DIRECTIONS - Without the pictures, reproduce the entries below exactly.

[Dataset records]
= Beginning of Section =
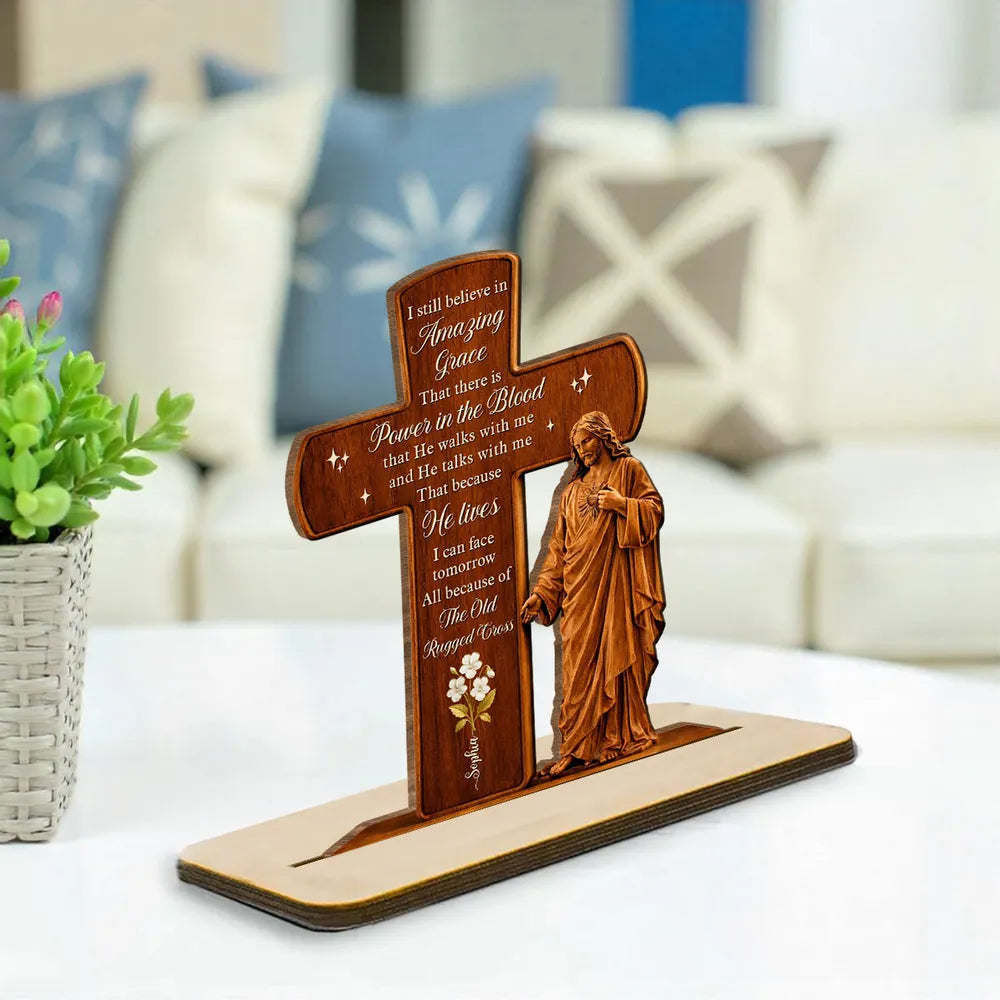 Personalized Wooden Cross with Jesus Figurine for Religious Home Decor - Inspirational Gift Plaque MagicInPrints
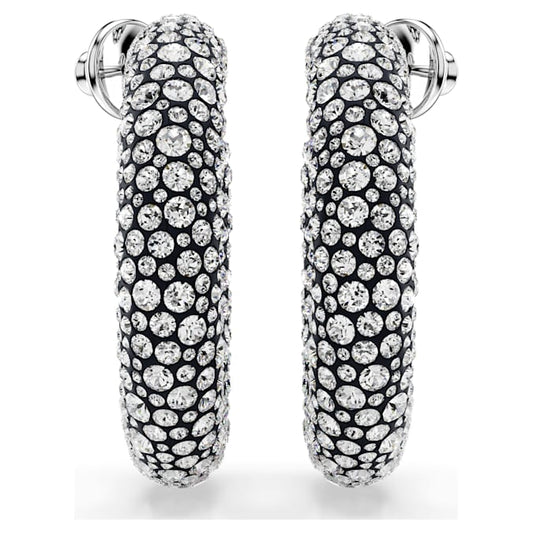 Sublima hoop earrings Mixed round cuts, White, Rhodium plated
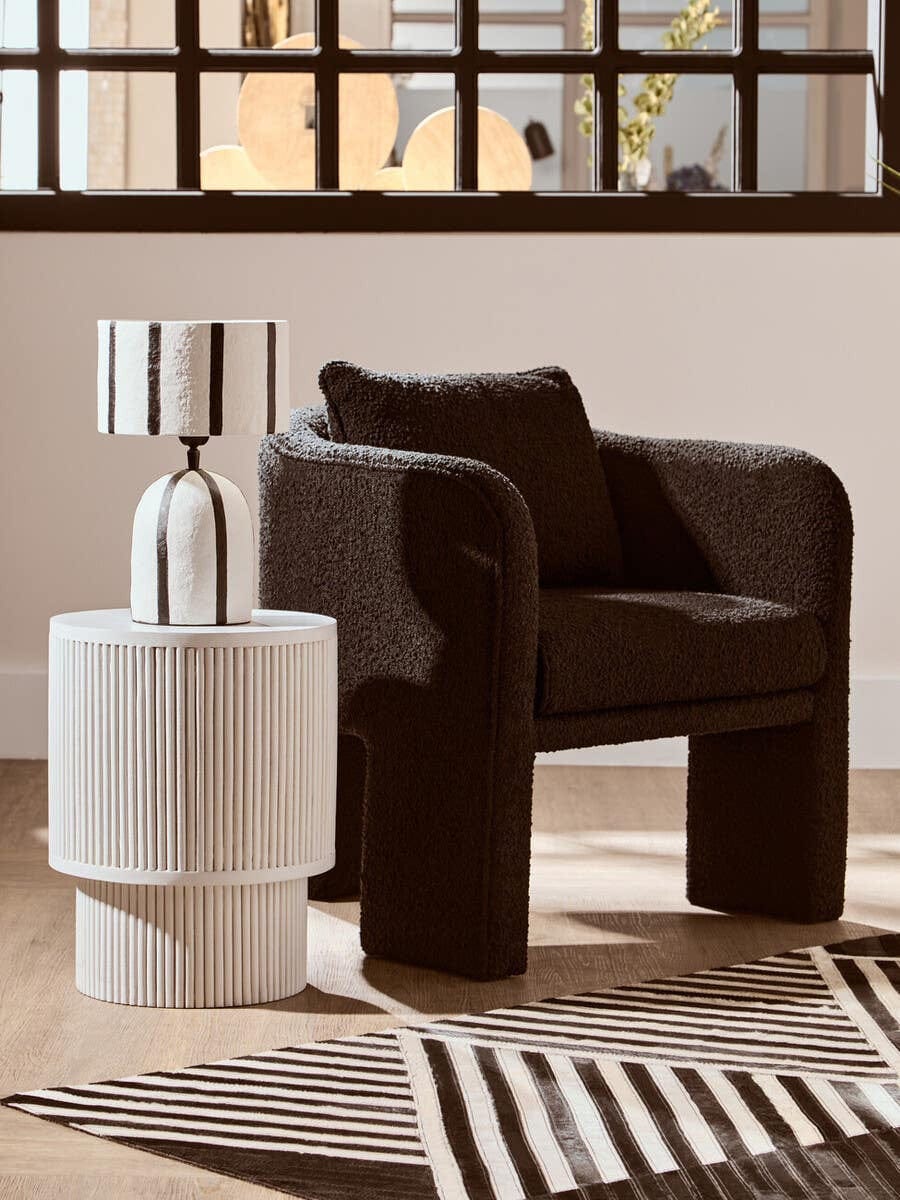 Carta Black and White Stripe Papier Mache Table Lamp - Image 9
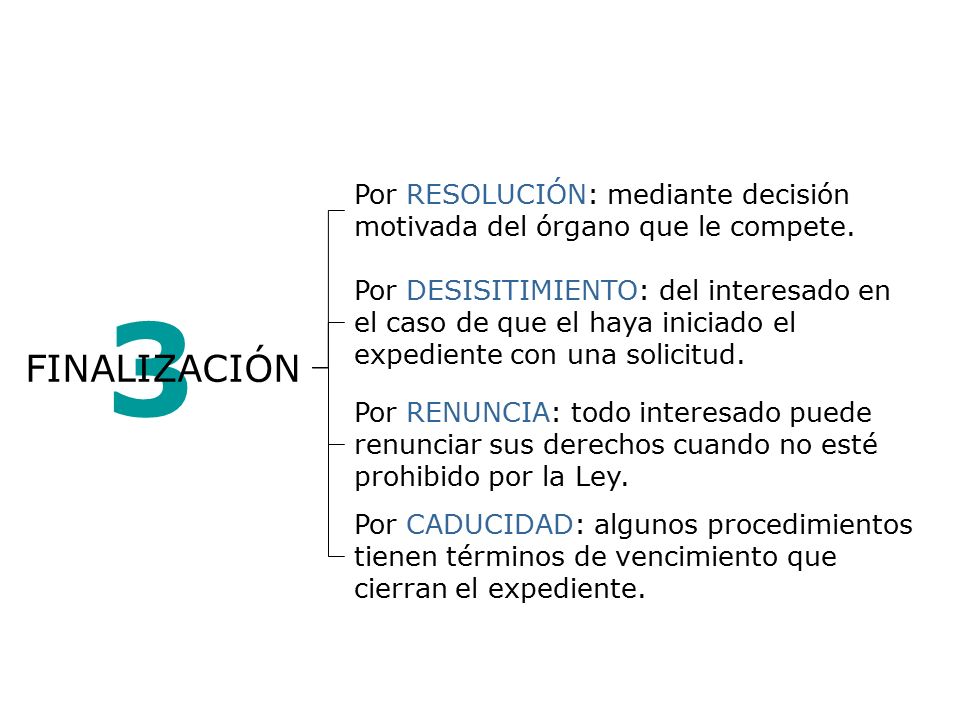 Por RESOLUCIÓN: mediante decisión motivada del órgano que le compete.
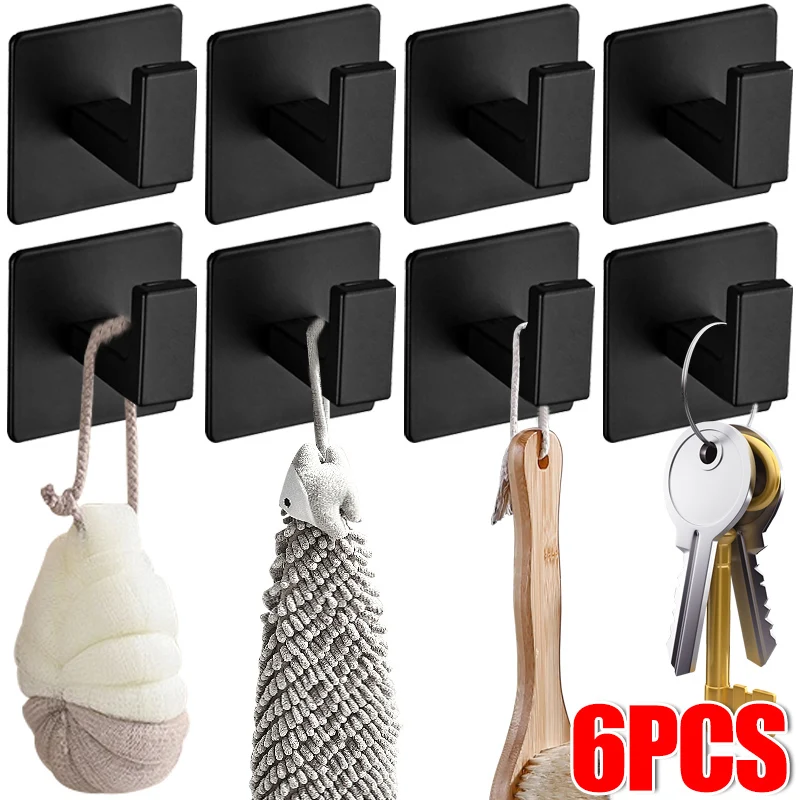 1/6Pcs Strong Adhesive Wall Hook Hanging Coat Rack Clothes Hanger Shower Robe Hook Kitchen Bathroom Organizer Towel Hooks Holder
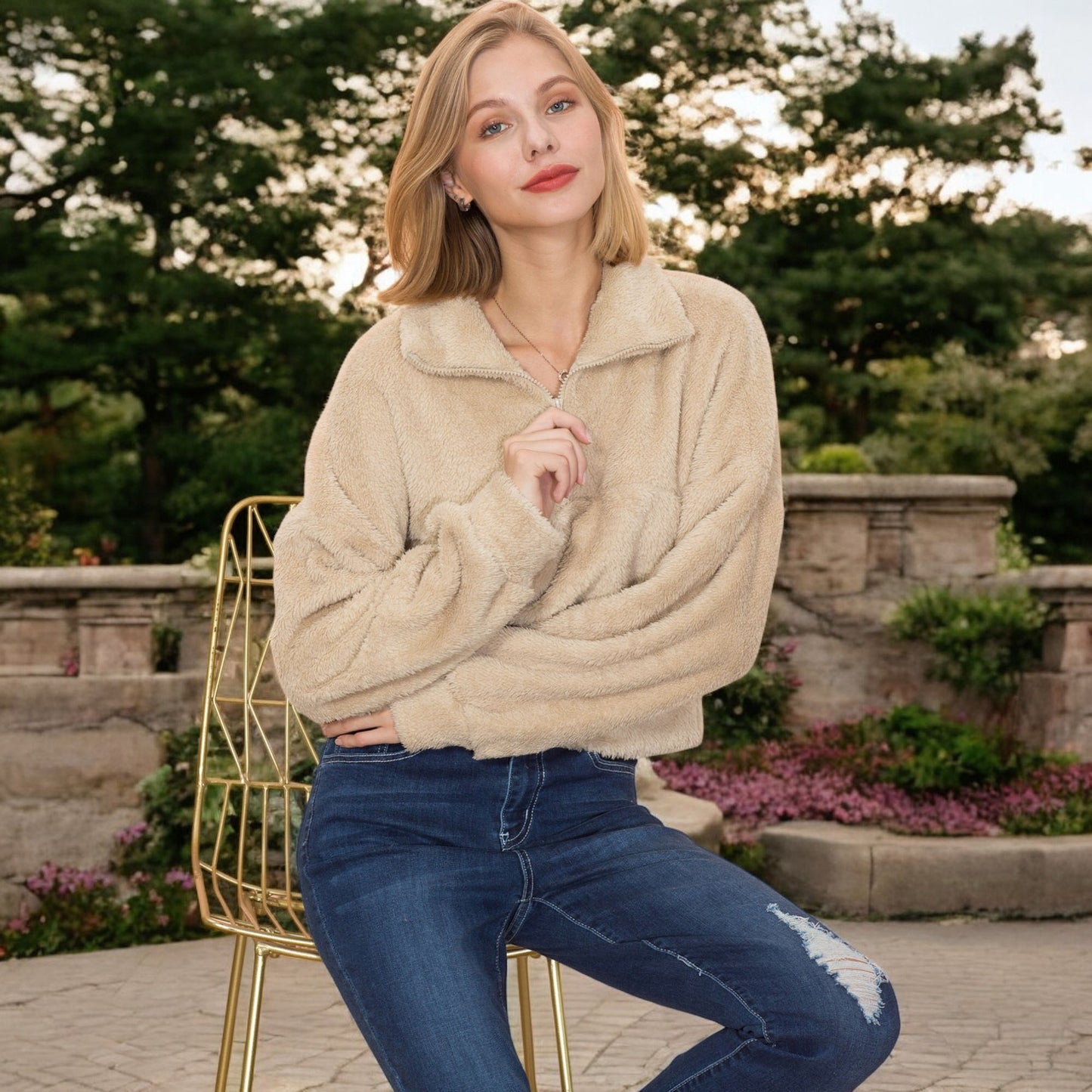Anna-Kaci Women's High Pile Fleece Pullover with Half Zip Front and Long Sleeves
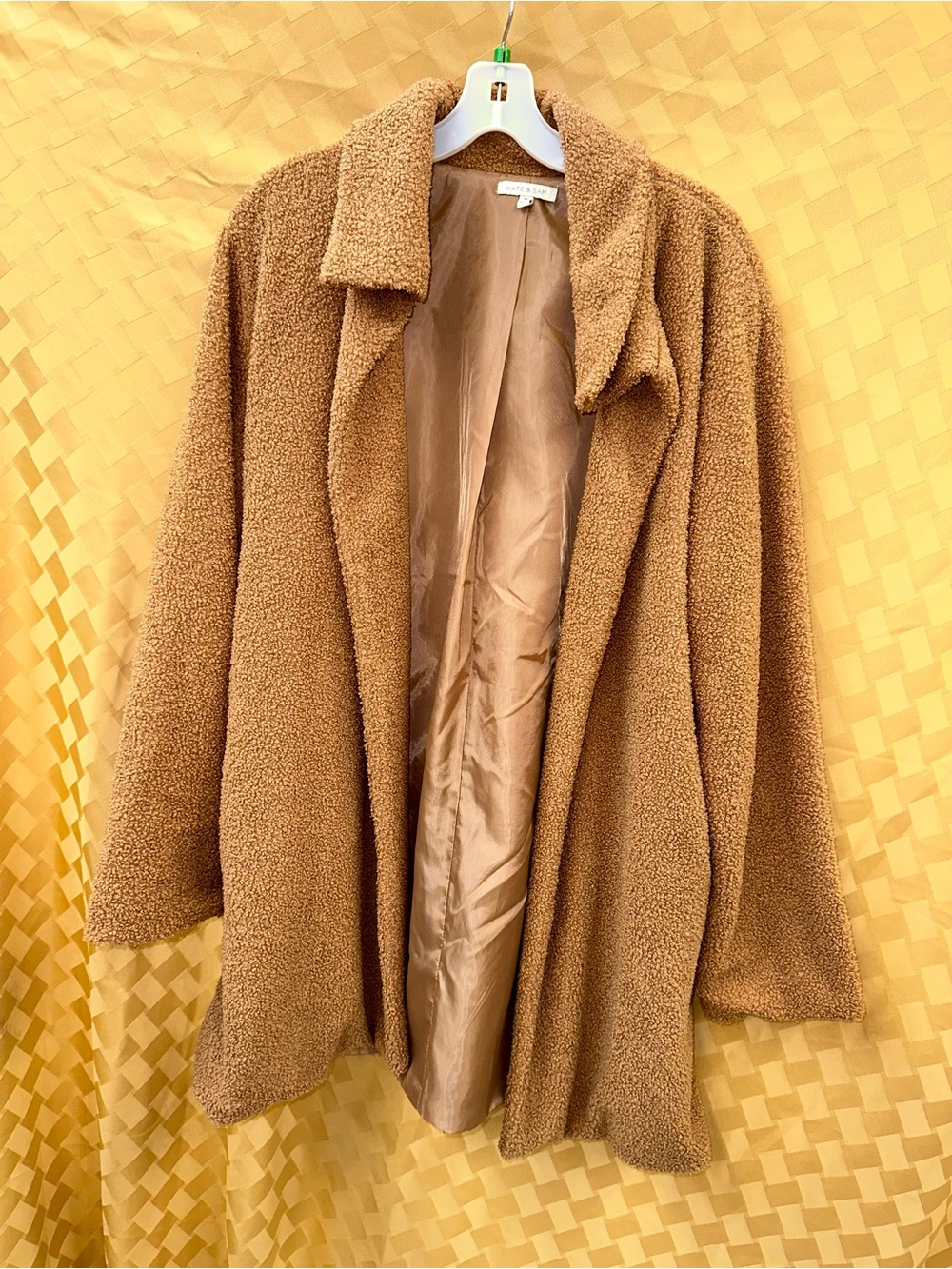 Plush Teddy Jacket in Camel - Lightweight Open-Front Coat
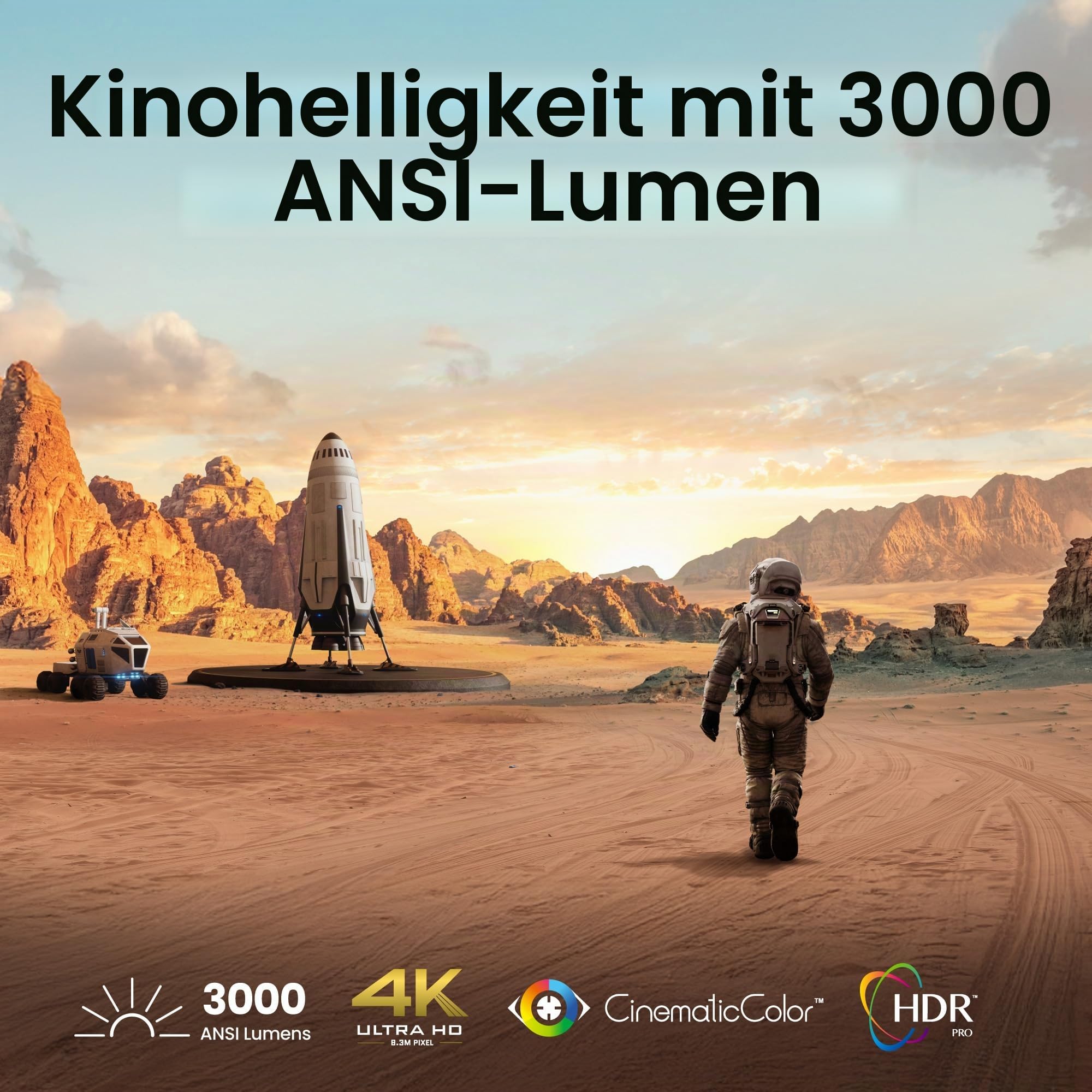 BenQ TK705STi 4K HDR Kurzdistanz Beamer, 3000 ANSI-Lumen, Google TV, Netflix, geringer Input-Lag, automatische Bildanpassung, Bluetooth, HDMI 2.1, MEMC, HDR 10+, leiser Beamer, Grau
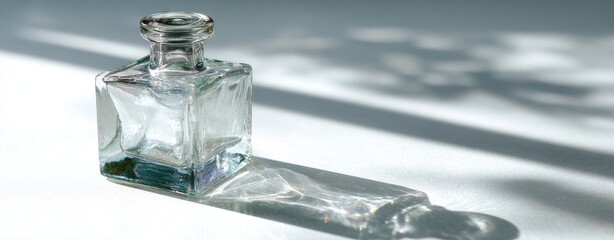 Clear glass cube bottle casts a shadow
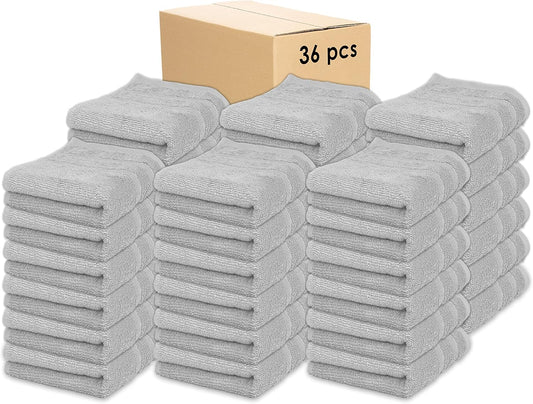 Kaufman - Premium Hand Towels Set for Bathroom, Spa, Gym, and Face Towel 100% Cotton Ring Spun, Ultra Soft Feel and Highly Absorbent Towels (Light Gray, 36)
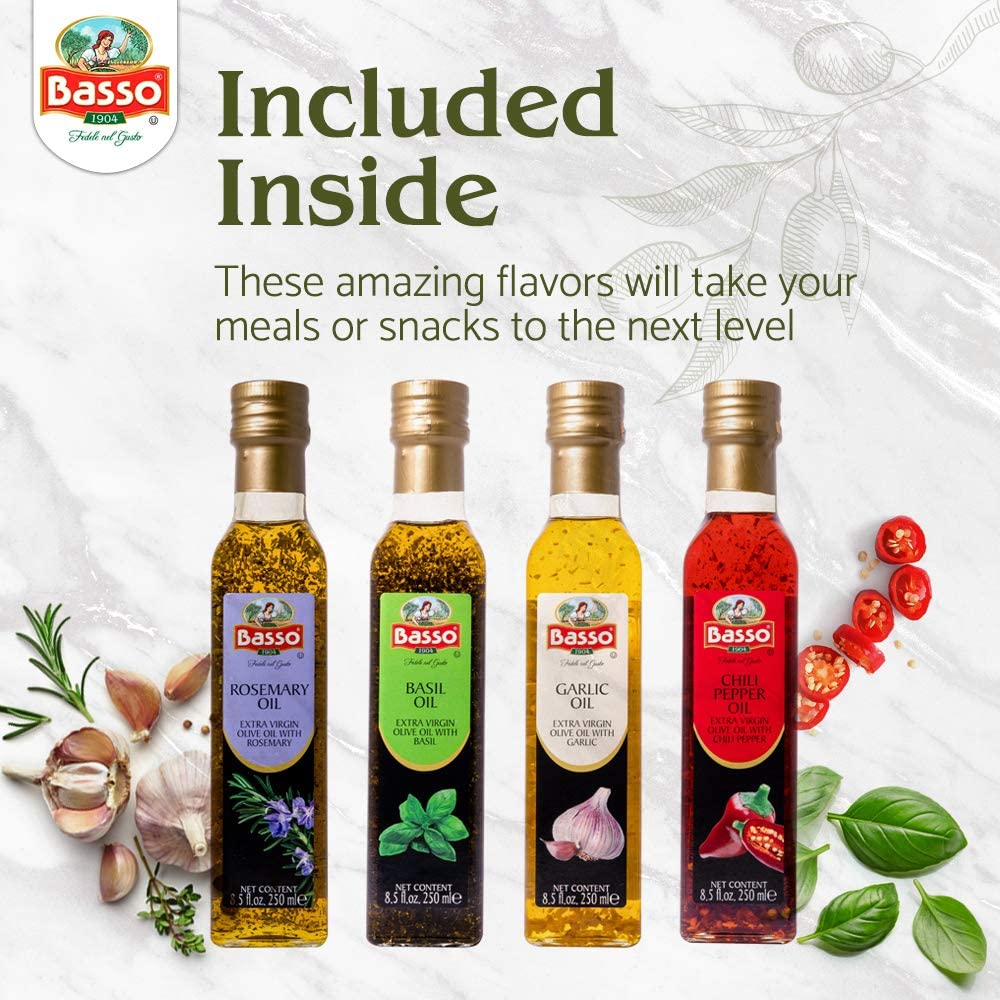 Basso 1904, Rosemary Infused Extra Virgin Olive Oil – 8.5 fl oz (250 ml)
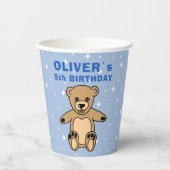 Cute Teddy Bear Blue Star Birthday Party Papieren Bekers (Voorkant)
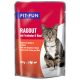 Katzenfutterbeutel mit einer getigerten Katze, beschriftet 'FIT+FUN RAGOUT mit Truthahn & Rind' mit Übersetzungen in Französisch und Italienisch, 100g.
= End of Section =
TASK SOLUTION -
 Personalized Wooden Cross with Jesus Figurine for Religious Home Decor - Inspirational Gift Plaque MagicInPrints
 Sublima hoop earrings Mixed round cuts, White, Rhodium plated
 Carta Black and White Stripe Papier Mache Table Lamp - Image 9
 Por RESOLUCIÓN: mediante decisión motivada del órgano que le compete.
 1/6Pcs Strong Adhesive Wall Hook Hanging Coat Rack Clothes Hanger Shower Robe Hook Kitchen Bathroom Organizer Towel Hooks Holder
Anna-Kaci Women's High Pile Fleece Pullover with Half Zip Front and Long Sleeves
 Plush Teddy Jacket in Camel - Lightweight Open-Front Coat
 BenQ TK705STi 4K HDR Kurzdistanz Beamer, 3000 ANSI-Lumen, Google TV, Netflix, geringer Input-Lag, automatische Bildanpassung, Bluetooth, HDMI 2.1, MEMC, HDR 10+, leiser Beamer, Grau
 Clear glass cube bottle casts a shadow
 Kaufman - Premium Hand Towels Set for Bathroom, Spa, Gym, and Face Towel 100% Cotton Ring Spun, Ultra Soft Feel and Highly Absorbent Towels (Light Gray, 36)
 Basso 1904, Rosemary Infused Extra Virgin Olive Oil – 8.5 fl oz (250 ml)
 Cute Teddy Bear Blue Star Birthday Party Papieren Bekers (Voorkant)
 Katzenfutterbeutel mit einer getigerten Katze, beschriftet 'FIT+FUN RAGOUT mit Truthahn & Rind' mit Übersetzungen in Französisch und Italienisch, 100g.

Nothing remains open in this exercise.